Stella Baggott saved £40,000 in three years thanks to her sideline as a ceramics maker
Uber and Airbnb have attracted huge interest from those who enthuse about the “sharing economy” – new online ventures that tear up traditional ways of doing business by putting sellers and buyers in direct contact. But not everyone who fancies earning some extra money from the sharing economy wants to drive a taxi or let out their home to strangers.
Stella Baggott is among those to have found another way. Miss Baggott, 38, had worked full-time for 14 years as an illustrator in a publishing house. But earlier this year she went freelance, cut back her hours and now earns another salary from her hobby, making quirky ceramics.
She actually began selling ceramics three years ago, while she was still in full-time employment, by selling on Etsy, an online marketplace that specializes in handmade and vintage goods, although she now has her own ecommerce website.
The venture has proved lucrative. She puts around 25 pieces up for sale on the website every two weeks and sells them for £30-£120 each. Her ceramics often sell out within half an hour and customers tell her: “Your work is harder to get than a Glastonbury ticket”.
The income from her business enabled Miss Baggott to buy a flat in Brighton in July last year. Her Etsy sales helped her to save about £40,000 in three years, and she had assistance from her parents in the form of a £30,000 loan.
But she said money was tight in the months after she quit her job.
“I’d just bought the flat so there was no money in the pot,” she said. “Then, with changing over from full-time to freelance, I had to wait for invoices to be paid.”
This could take about two months, Miss Baggott said. “I became much more aware of what I was spending and for about four months I couldn’t pay my parents back and had to put off any big purchases.”
Now she pays her parents back £1,000 a month and has cleared £10,000 of the loan.
While she still worries about what would happen if people stopped buying her ceramics, or if her freelance commissions dried up, she said she wished she had pursued this flexible way of working sooner.
She also had to deal with the question of tax, which can be complicated if you have two sources of income.
She said: “Because I was going through PAYE as an employee, my earnings as a ‘sole trader’ from the ceramic sales attracted a high rate of tax – everything I was earning was halved. Now I’ve registered as a limited company, through which I channel both my freelance and ceramics earnings, and pay less tax.”
Miss Baggott said anyone thinking of following her example should take a good look at their financial position at the outset.
“I like to have a £10,000 buffer, which most people can’t believe,” she said. “But because I’m single I’ve got no one to rely on and it makes me more cautious – if I can’t pay my mortgage, I’ve got no partner to cover it.”
Professional advice is a good idea, she said.
“It’s true what they say about accountants – they’re worth their weight in gold.”

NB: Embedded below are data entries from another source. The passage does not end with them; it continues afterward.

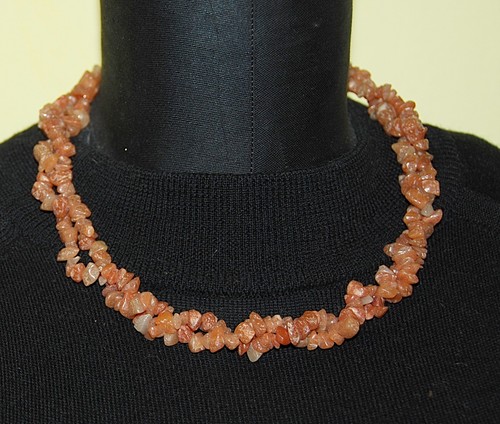 Collana quarzo rosso - quarzo,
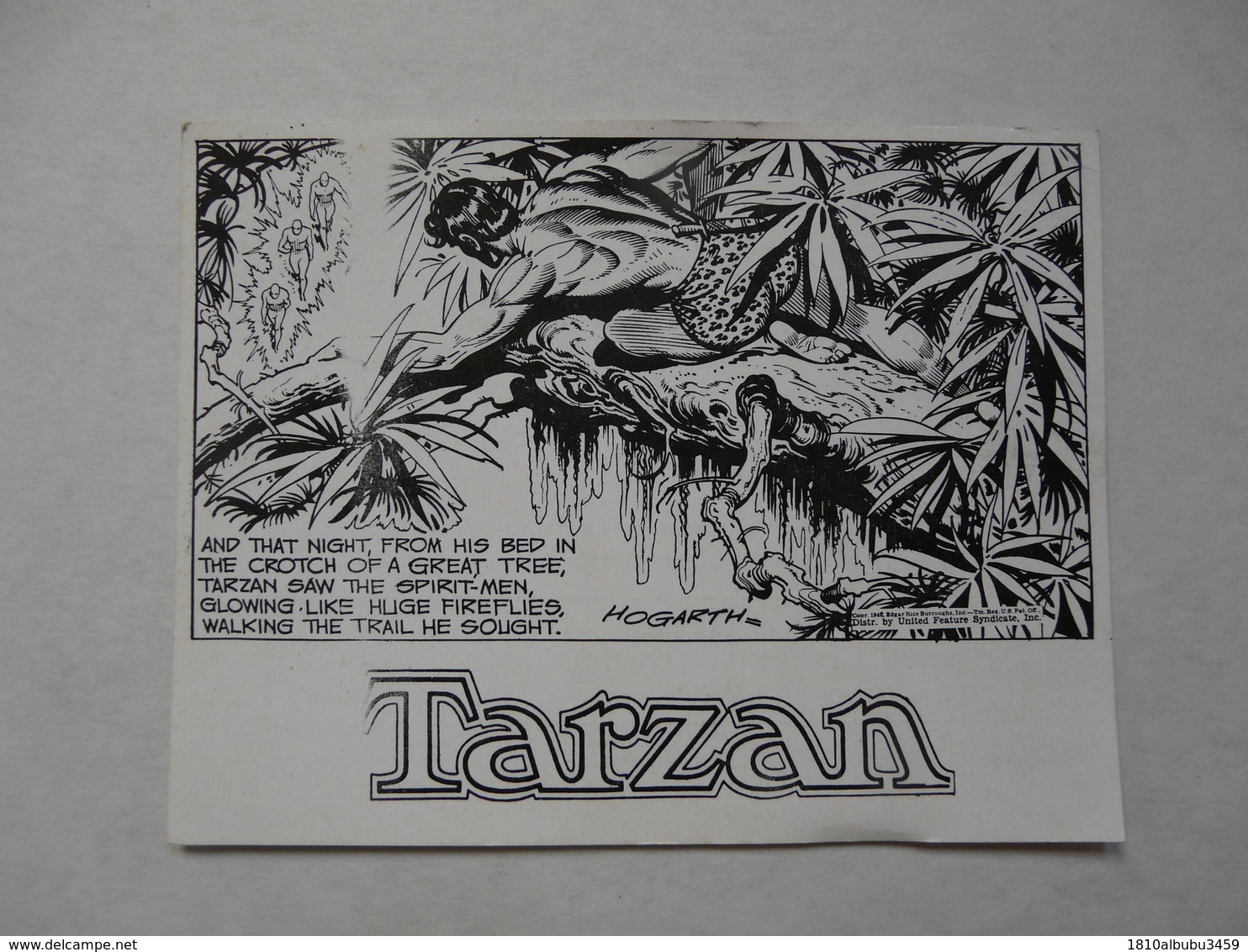 VIEUX PAPIERS - CARTE D'INVITATION : EXPOSITION Sur TARZAN à Bakers' Street - BURNE HOGARTH Dessinateur - Collezioni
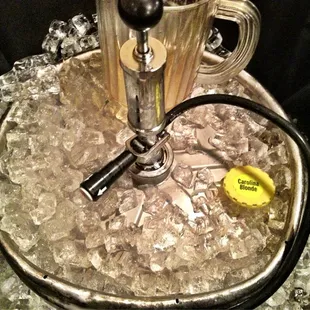 Carolina Blonde from @foothillsbeer tapped up!  Good to see country clubs embracing #craftbeer.  Thanks President Jones!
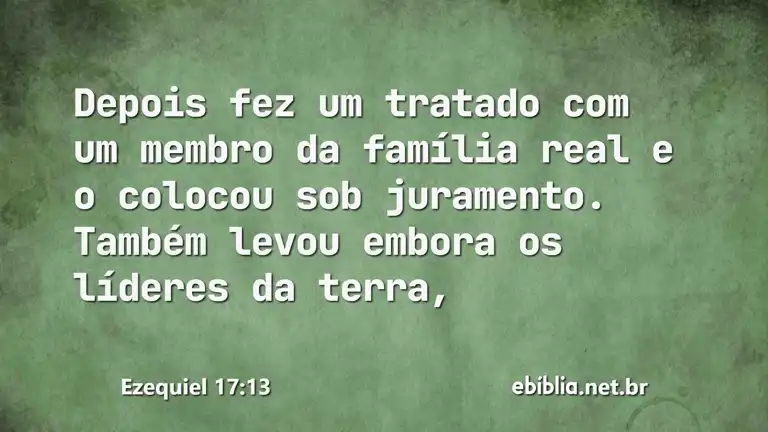 Ezequiel 17:13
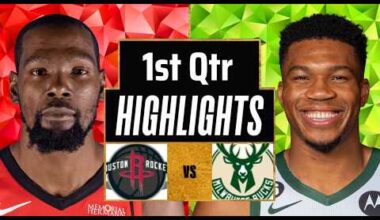 Rockets vs Bucks Full Game Highlights 1st Qtr | Apr 1 | 2026 NBA Highlights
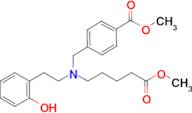 Methyl 4-(((2-hydroxyphenethyl)(5-methoxy-5-oxopentyl)amino)methyl)benzoate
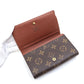 LOUIS VUITTON Bifold Wallet M61730 Monogram canvas, leather Brown Monogram Women Used Authentic
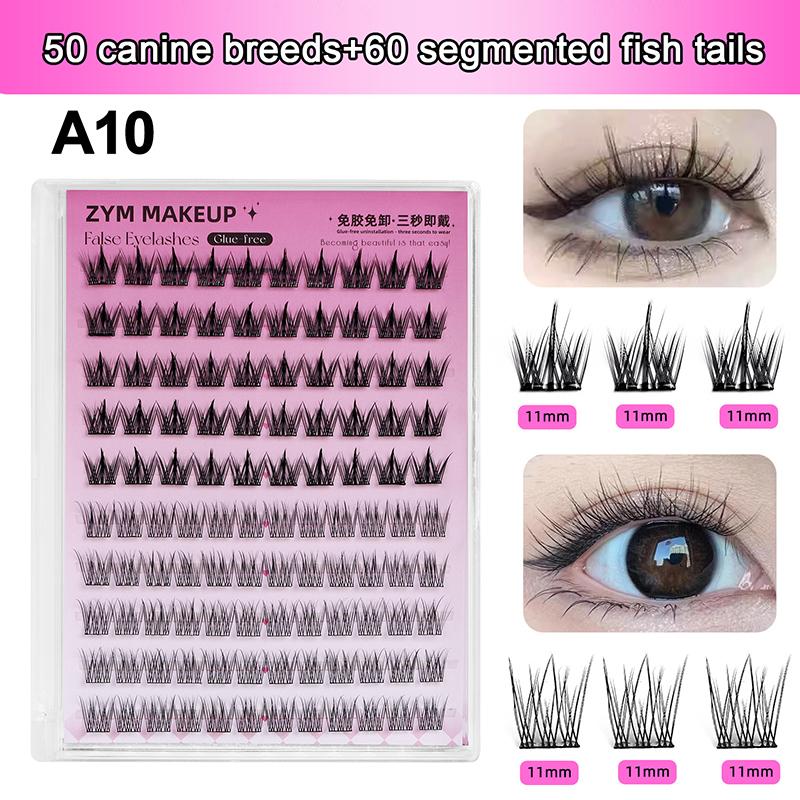1 Box Self Adhesive Eyelash,Pre Glued Eyelash,Cluster Eyelash,No Need Glue,Easy To Put On, Diy Eyelash Extension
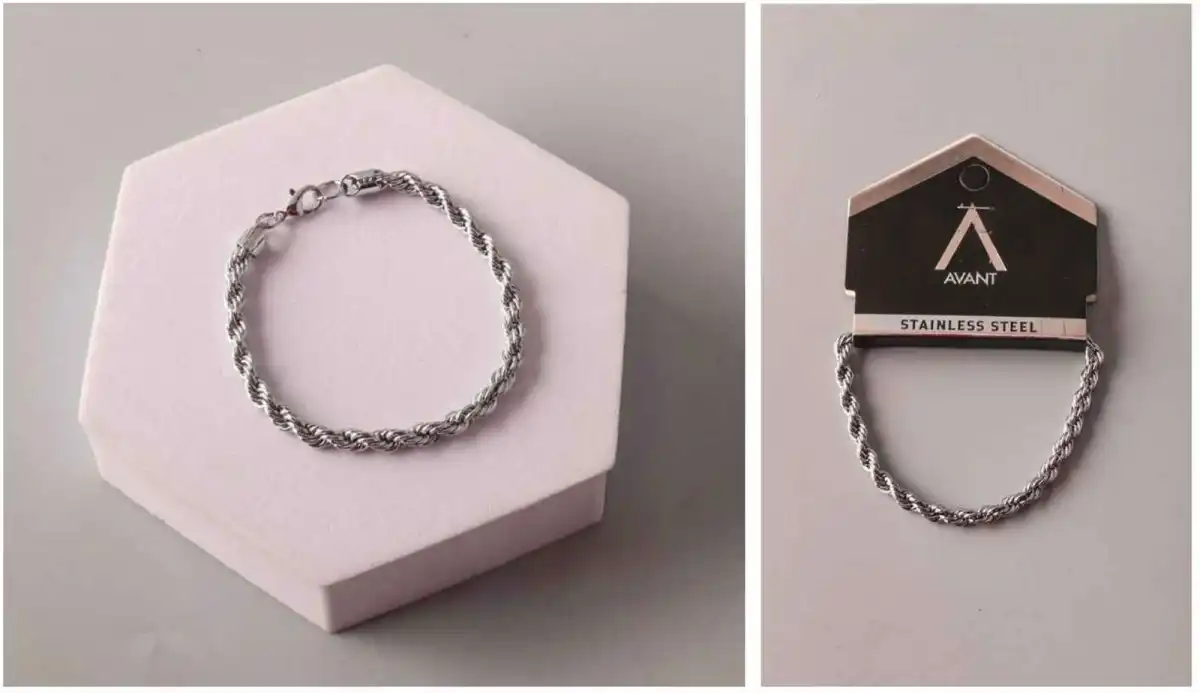 BRAZALETE STAINLESS STEEL SILVER  BLES0035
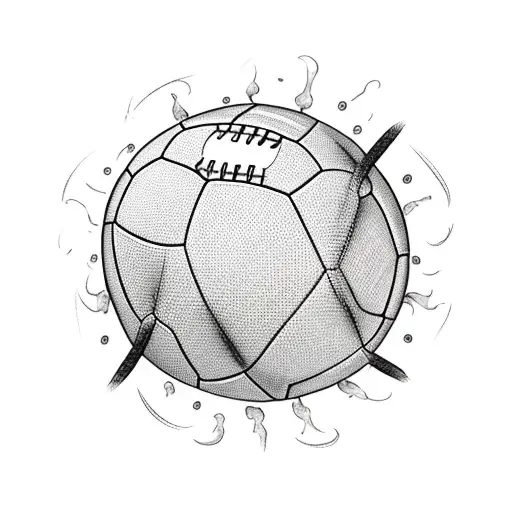 A Group Of Friends Playing Football On A Beach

Freelancers also need to accept the trade-offs, such as the lack of employee benefits including sick pay, company pensions and life insurance. However, this could change as a result of a government review of self-employment, which is due early next year.
The change in freelance workers by sector since 2008
|Art and literature||96|
|IT and telecommunications||71|
But Chris Bryce, head of the Association of Independent Professionals & the Self Employed (Ipse), said other recent changes could be putting people off working for themselves.

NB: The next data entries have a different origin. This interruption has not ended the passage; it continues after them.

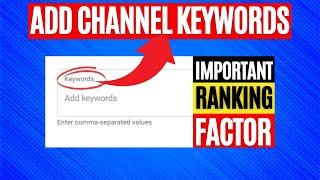 Add YouTube Channel Keywords | YouTube Advanced Settings Channel Keywords 2021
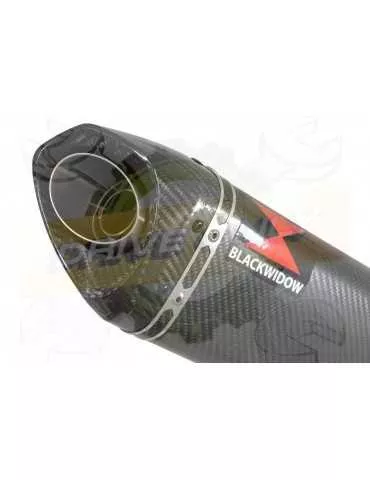 GSX1200 Inazuma Tube de raccord et Silencieux Tri Ovale En Carbone 250mm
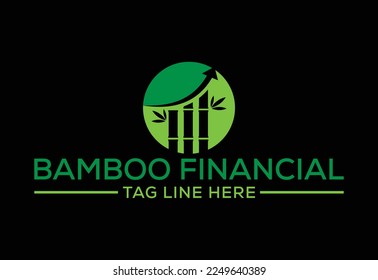 Bamboo Financial logo design, Vector design template
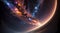 Galactic Splendor: A Masterpiece of Ultra-Detailed Space Art Rendered in Octane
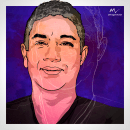 Vector portrait inspired by Alvaro Tapia Hidalgo. Un proyecto de Ilustración vectorial, Ilustración digital e Ilustración de retrato de Paulo Macedo - 13.09.2021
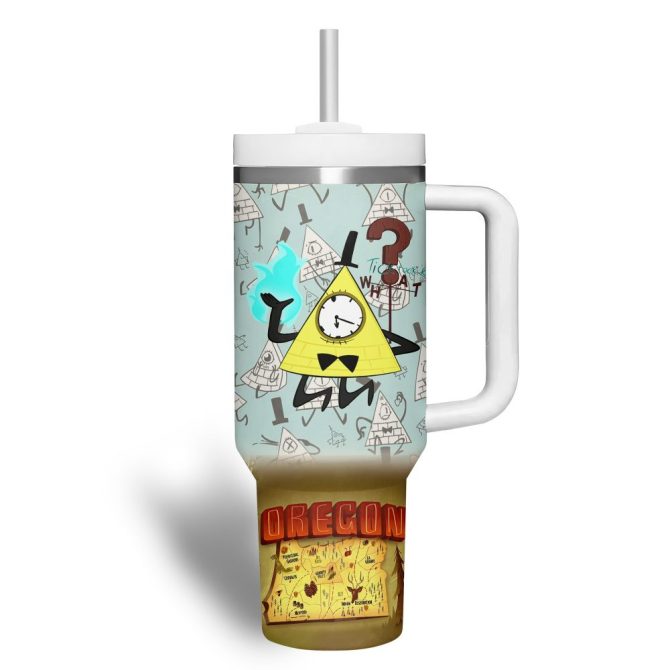 Gravity Falls Tv Series Custom Stanley Quencher 40Oz Stainless Steel Tumbler - Image 4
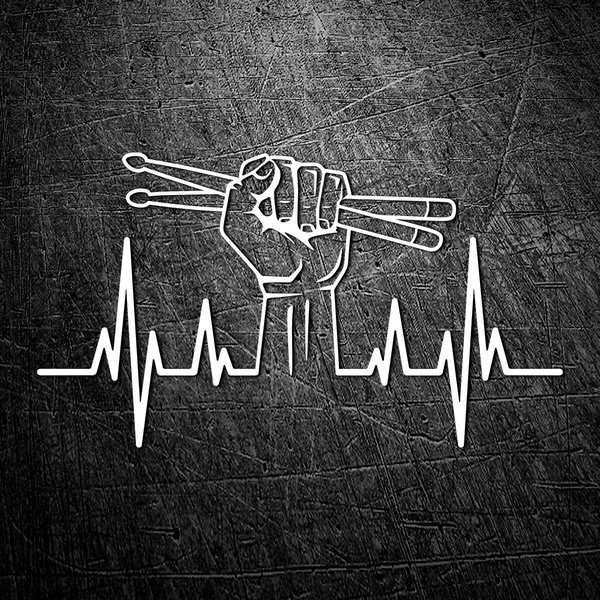 Pegatinas: Cardio Electro Mano Baterista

“Growth in self-employment over the past 10 years has been phenomenal, but it has slowed in recent months,” he said. “Recently announced change to tax legislation, such as the new dividend tax, and restrictions on tax relief for work travel are a concern and may be discouraging freelancing.”
But he added: “Aside from the significant contribution freelancers make to the economy, it opens up an avenue to work that wouldn’t otherwise be available to those people who, for whatever reason, aren’t able to work a typical nine-to-five day or need to work from home.”
If you are tempted to go it alone, “shared economy” services could prove lucrative. Research from Intuit QuickBooks, which provides accounting software, suggested that one in five people in Britain who offer such services earn more than £500 a week, with 3pc making more than £78,000 a year.